A partir de quel moment ?
Après le remaniement, l’affaire Ferrand et le départ des ministres MoDem, le nouveau casting gouvernemental a du mal à exister. Les ministres sont peu connus et ne sont pas des relais des principales forces politiques du pays. Bruno Le Maire et Edouard Philippe sont connus, mais ils sont en rupture avec leur parti, idem pour Jean-Yves Le Drian. Cela donne le sentiment que c’est le président qui décide de tout. Par exemple, le discours de politique générale du Premier ministre a été contredit par le président dès le lendemain.
La cote de popularité d’Emmanuel a baissé au cours de ces 100 jours. Cette tendance est-elle plus forte pour ses prédécesseurs ?

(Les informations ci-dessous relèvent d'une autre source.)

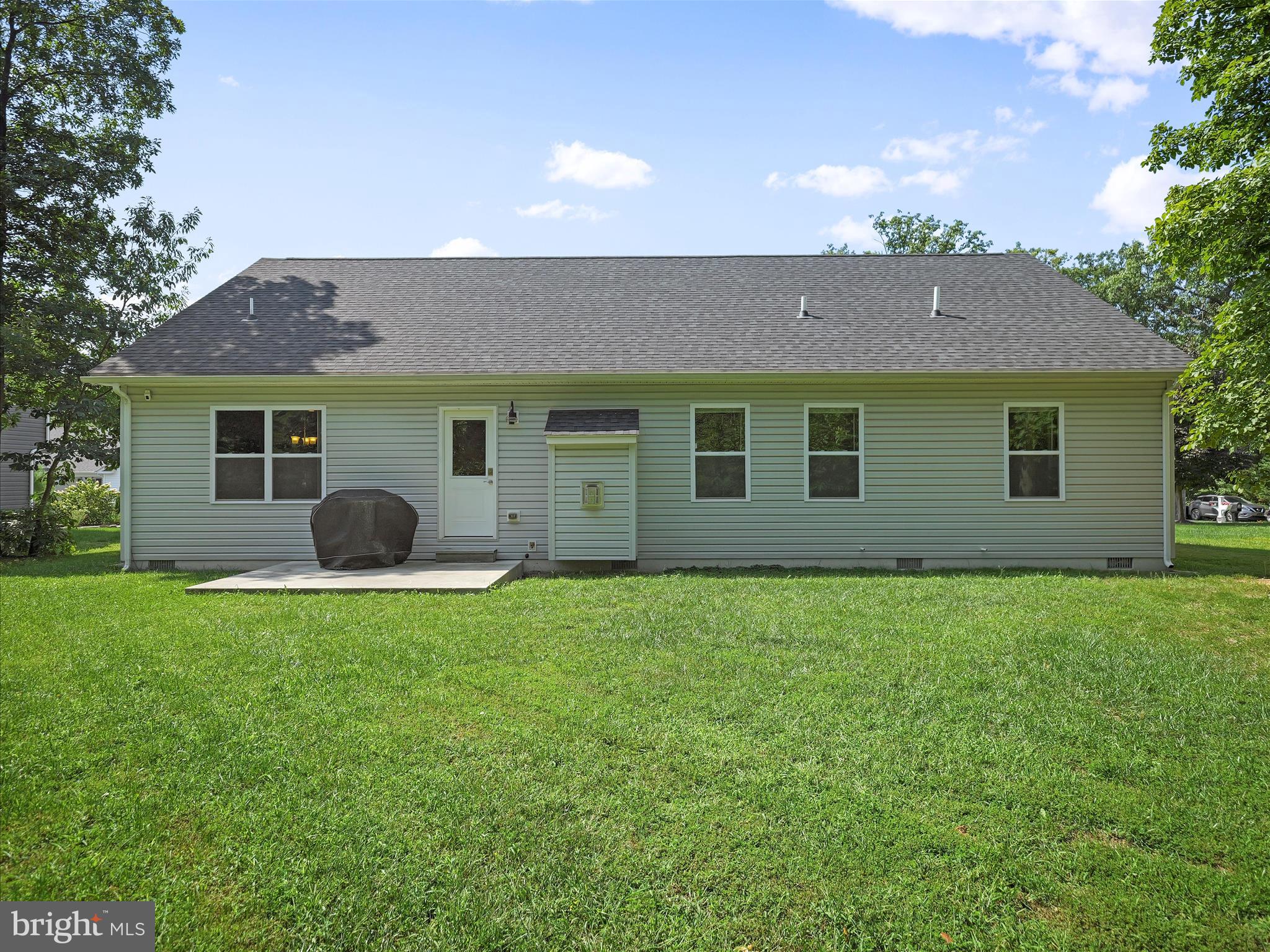 MIDDLE CREEK MANOR - Residential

Sa cote de popularité a chuté plus vite que celle de Nicolas Sarkozy, et un peu plus vite que celle de François Hollande. Mais c’est surtout l’ampleur de cette chute qui est frappante. Le premier tour de la présidentielle n’a pas disparu : il a obtenu 24 % au premier tour, et la forte hésitation des électeurs et le manque d’adhésion au second tour pèse encore aujourd’hui. Jusqu’à quand la dynamique de départ de Macron va masquer ce problème ?

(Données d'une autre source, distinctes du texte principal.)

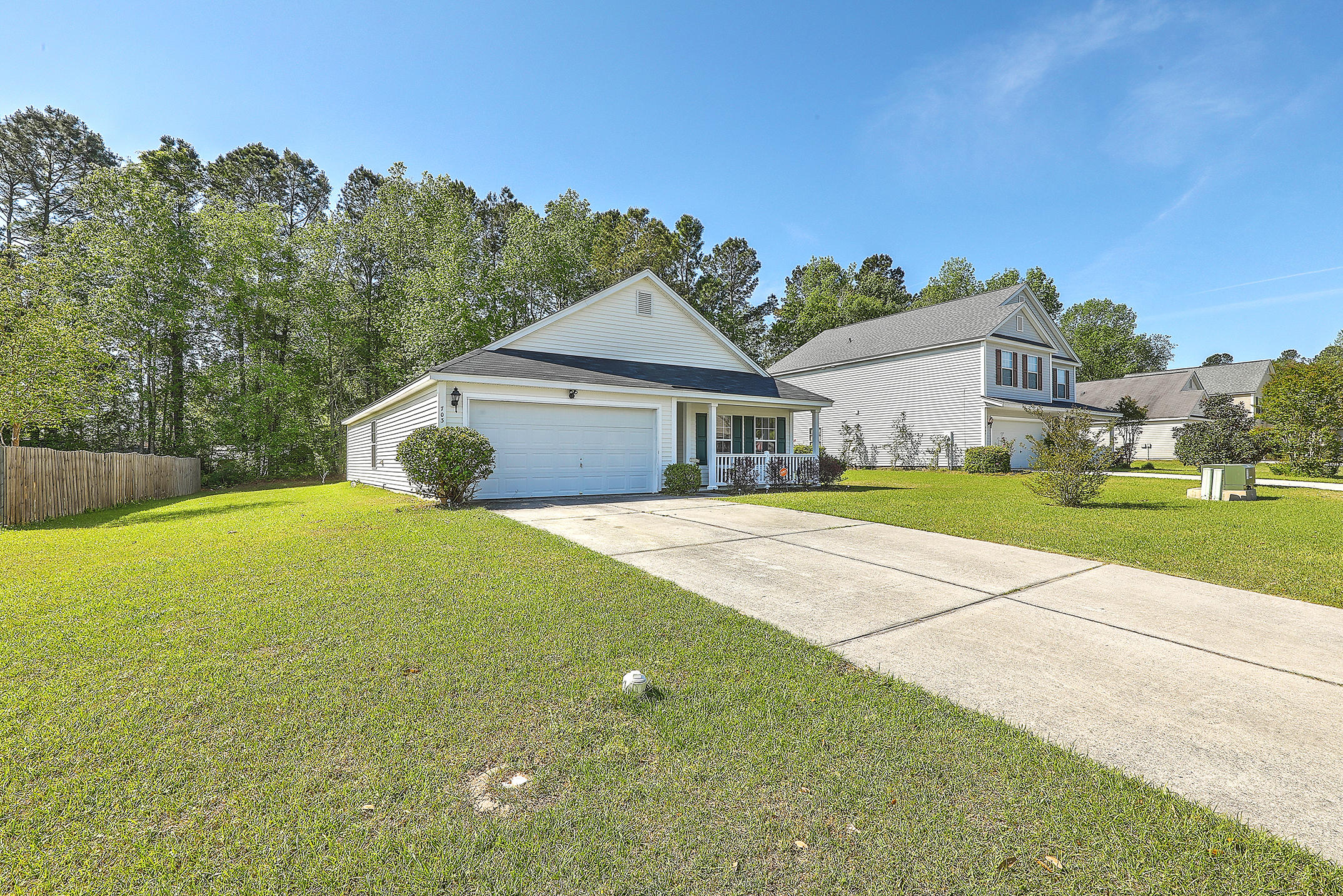 703 State Rd S-8-977 Moncks Corner, SC 29461 - Photo 4 of 27 1R3A4353_4_5_6_7_8_9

Quelles décisions ont pu avoir un impact sur cette baisse de popularité ?
Les premières mesures budgétaires ne sont guère populaires. Il me semble par ailleurs que la baisse de l’Aide personnalisée au logement de 5 euros est une erreur, car elle est absurde : elle rapporte peu et elle porte un message contradictoire avec l’ensemble du projet d’Emmanuel Macron, puisque dans le même temps il veut baisser l’impôt sur la fortune et exonérer massivement les Français de la taxe d’habitation en 2018 - même si cette taxe ne rentre pas directement dans les caisses de l’Etat. Par ailleurs, sur ce sujet la communication élyséenne a été mauvaise. On nous a raconté que le président s’était fâché devant ses ministres, roulés dans la farine par Bercy. Mais peut-on vraiment croire que l’état-major des finances publiques aurait imposé cette mesure à Edouard Philippe sans son accord ?
Que dire de la communication élyséenne ? Y a-t-il un décalage chez le président jupitérien qui donne peu d’interviews aux médias mais qui réagit par communiqués à la mort d’un écrivain, à la profanation d’un monument, et qui documente tous ses déplacements par des Facebook live ?

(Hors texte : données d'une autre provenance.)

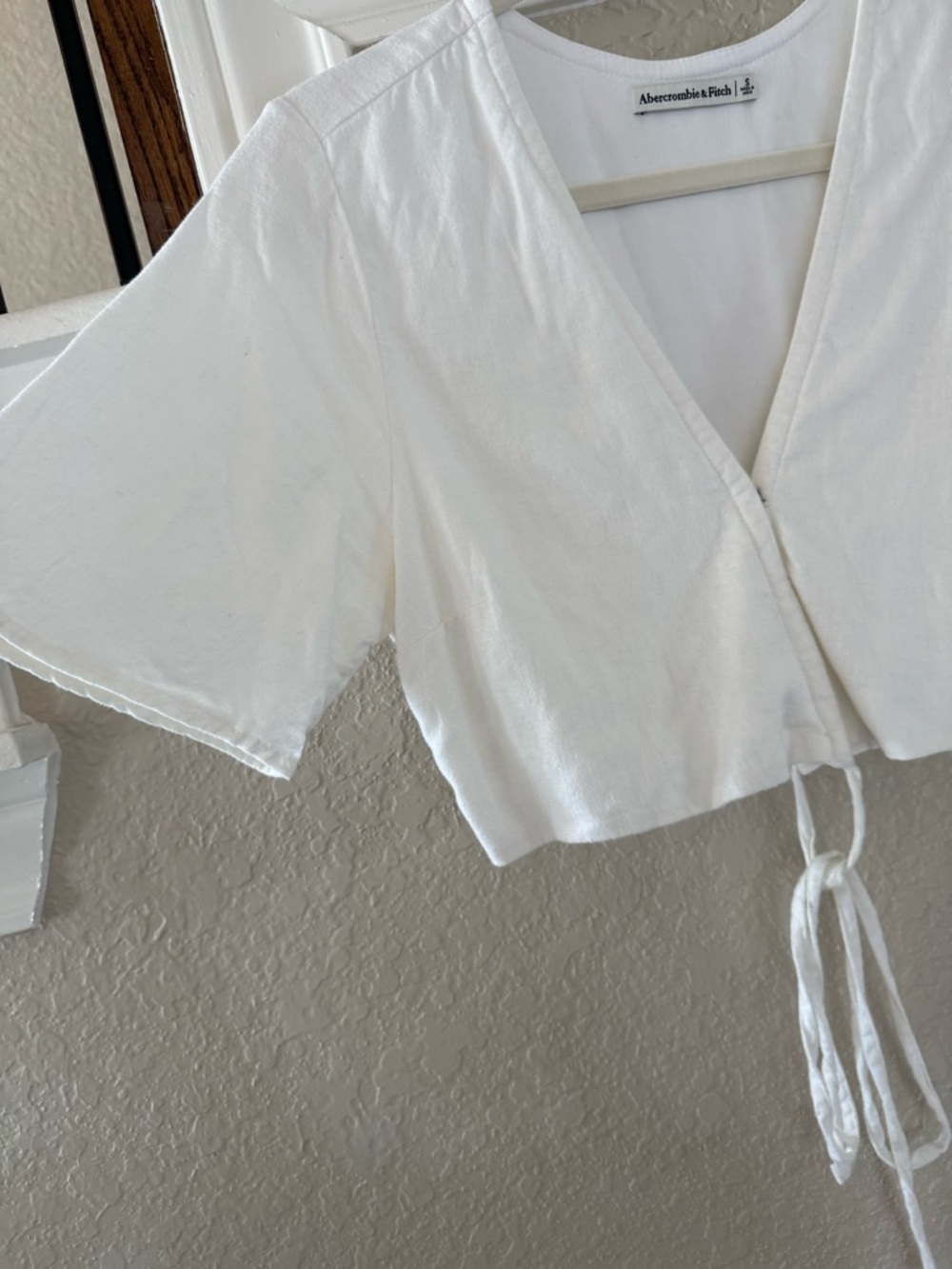 Abercrombie & Fitch White V-Neck Tie-Front Short Sleeve Crop Top - Picture 2 of 5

La volonté d’être un « président jupitérien » peut introduire des difficultés. Quand la communication politique vend la toute-puissance du président, alors la déception des citoyens est d’autant plus grande si les résultats ne sont pas à la hauteur des espérances. Emmanuel Macron est apparu dans de nombreuses scènes télévisées comme la poignée de main avec Donald Trump, le discours devant le Congrès, mais que reste-t-il de tout cela ? Il y a un certain malaise dans cette communication, qui est omniprésente sur des points de détails, et parfois absente sur l’essentiel. Sur l’APL, il n’y a pas eu d’explication officielle.
Parfois, on est dans de la com' qui en fait trop, comme lors de l’épisode du général De Villiers. Certes, il a dérogé à la règle de se taire, mais cela justifiait-il l’image du président de la République qui vient rappeler aux militaires qu’il est leur chef. Il aurait pu le dire en Conseil de défense plutôt que devant la France entière. La mise en scène de cette séquence est assez maladroite et le général De Villiers a quitté son poste sous les applaudissements des militaires.